Let's go through some examples using 8 bit 2's complement arithmetic. First, let's try adding together two small positive numbers:
0 0 1 1 0 1 0 1 +53 + 0 1 0 0 0 1 1 1 +71 ----------------- ---- 0 1 1 1 1 1 0 0 124
So far so good. That was easy. Now what about
0 1 0 1 1 1 1 1 +95 + 0 1 0 0 1 0 0 1 +73 ----------------- ---- 1 0 1 0 1 0 0 0 168 ???????
But our rules above said that whenever the first bit of a 2's complement number was 1 then the number was negative, so we added two positives, 95+73, and got a negative number?
If we recall our observations, we see that the range of numbers in 8-bit 2's complement is -128 to +127. Thus, we get screwy answers when we add numbers that are too big and which cause the real sum to be larger than what we can represent.
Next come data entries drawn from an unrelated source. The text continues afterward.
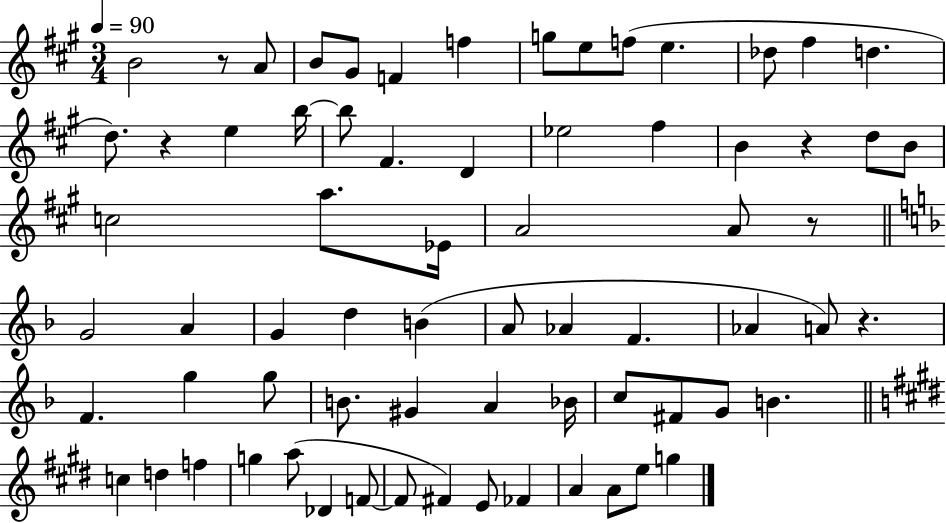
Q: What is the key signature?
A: A major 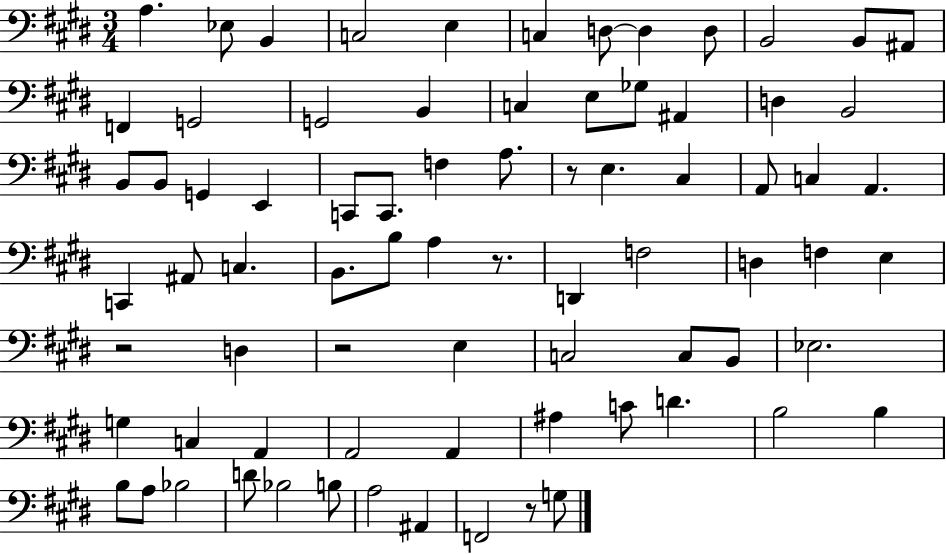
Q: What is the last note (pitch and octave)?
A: G3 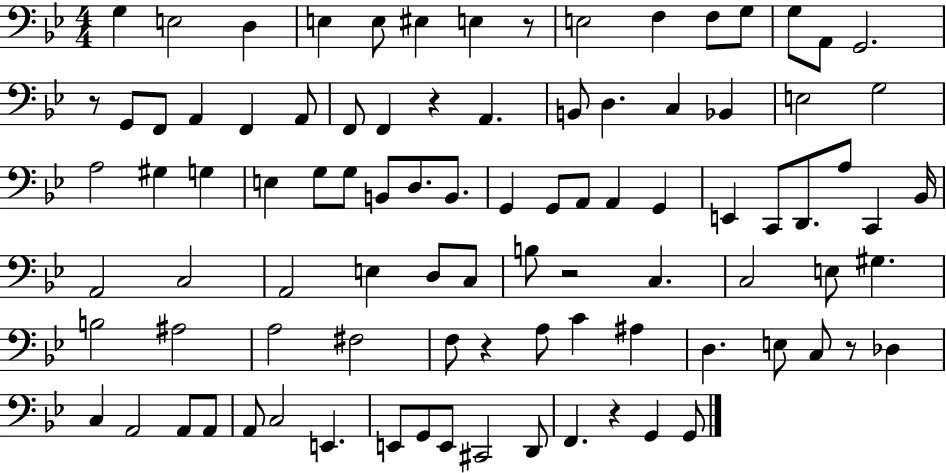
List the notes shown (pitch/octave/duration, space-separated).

G3/q E3/h D3/q E3/q E3/e EIS3/q E3/q R/e E3/h F3/q F3/e G3/e G3/e A2/e G2/h. R/e G2/e F2/e A2/q F2/q A2/e F2/e F2/q R/q A2/q. B2/e D3/q. C3/q Bb2/q E3/h G3/h A3/h G#3/q G3/q E3/q G3/e G3/e B2/e D3/e. B2/e. G2/q G2/e A2/e A2/q G2/q E2/q C2/e D2/e. A3/e C2/q Bb2/s A2/h C3/h A2/h E3/q D3/e C3/e B3/e R/h C3/q. C3/h E3/e G#3/q. B3/h A#3/h A3/h F#3/h F3/e R/q A3/e C4/q A#3/q D3/q. E3/e C3/e R/e Db3/q C3/q A2/h A2/e A2/e A2/e C3/h E2/q. E2/e G2/e E2/e C#2/h D2/e F2/q. R/q G2/q G2/e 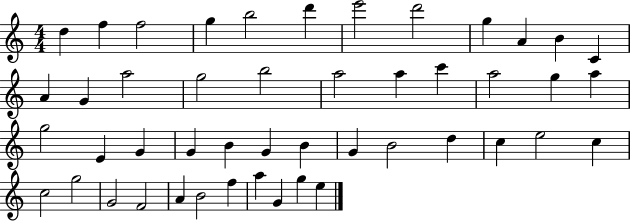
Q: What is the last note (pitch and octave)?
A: E5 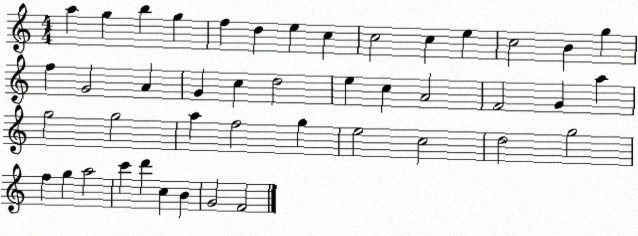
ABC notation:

X:1
T:Untitled
M:4/4
L:1/4
K:C
a g b g f d e c c2 c e c2 B g f G2 A G c d2 e c A2 F2 G a g2 g2 a f2 g e2 c2 d2 g2 f g a2 c' d' c B G2 F2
This is called overflow.
Notice that if we treated the above addition as unsigned numbers, everything is fine because 168 is 10101000, as long as we are looking at it as an unsigned number and not as a 2's complement number.
Now let's tackle adding two negatives:
1 0 1 1 0 1 1 1 -73
+ 1 1 1 0 1 1 1 1 -17
----------------- ----
1 1 0 1 0 0 1 1 0 -90
Again, if there is a final carry out, it gets thrown away. Everything works out fine and we get a negative answer. Remember that this will be true if our answer does not exceed -128.
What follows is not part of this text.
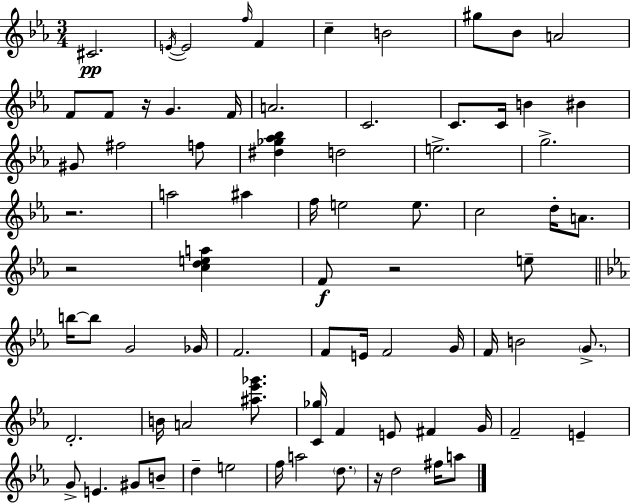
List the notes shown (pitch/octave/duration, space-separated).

C#4/h. E4/s E4/h F5/s F4/q C5/q B4/h G#5/e Bb4/e A4/h F4/e F4/e R/s G4/q. F4/s A4/h. C4/h. C4/e. C4/s B4/q BIS4/q G#4/e F#5/h F5/e [D#5,Gb5,Ab5,Bb5]/q D5/h E5/h. G5/h. R/h. A5/h A#5/q F5/s E5/h E5/e. C5/h D5/s A4/e. R/h [C5,D5,E5,A5]/q F4/e R/h E5/e B5/s B5/e G4/h Gb4/s F4/h. F4/e E4/s F4/h G4/s F4/s B4/h G4/e. D4/h. B4/s A4/h [A#5,Eb6,Gb6]/e. [C4,Gb5]/s F4/q E4/e F#4/q G4/s F4/h E4/q G4/e E4/q. G#4/e B4/e D5/q E5/h F5/s A5/h D5/e. R/s D5/h F#5/s A5/e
What if we look at these as unsigned numbers?
1 0 1 1 0 1 1 1 183 + 1 1 1 0 1 1 1 1 239 ----------------- ----- 1 0 1 0 0 1 1 0 422
But 10100110 is only 166, not 422, so another form of overflow occurred. This has to do with throwing away that final carry out. If we had kept it, we would have had 110100110, which is 422.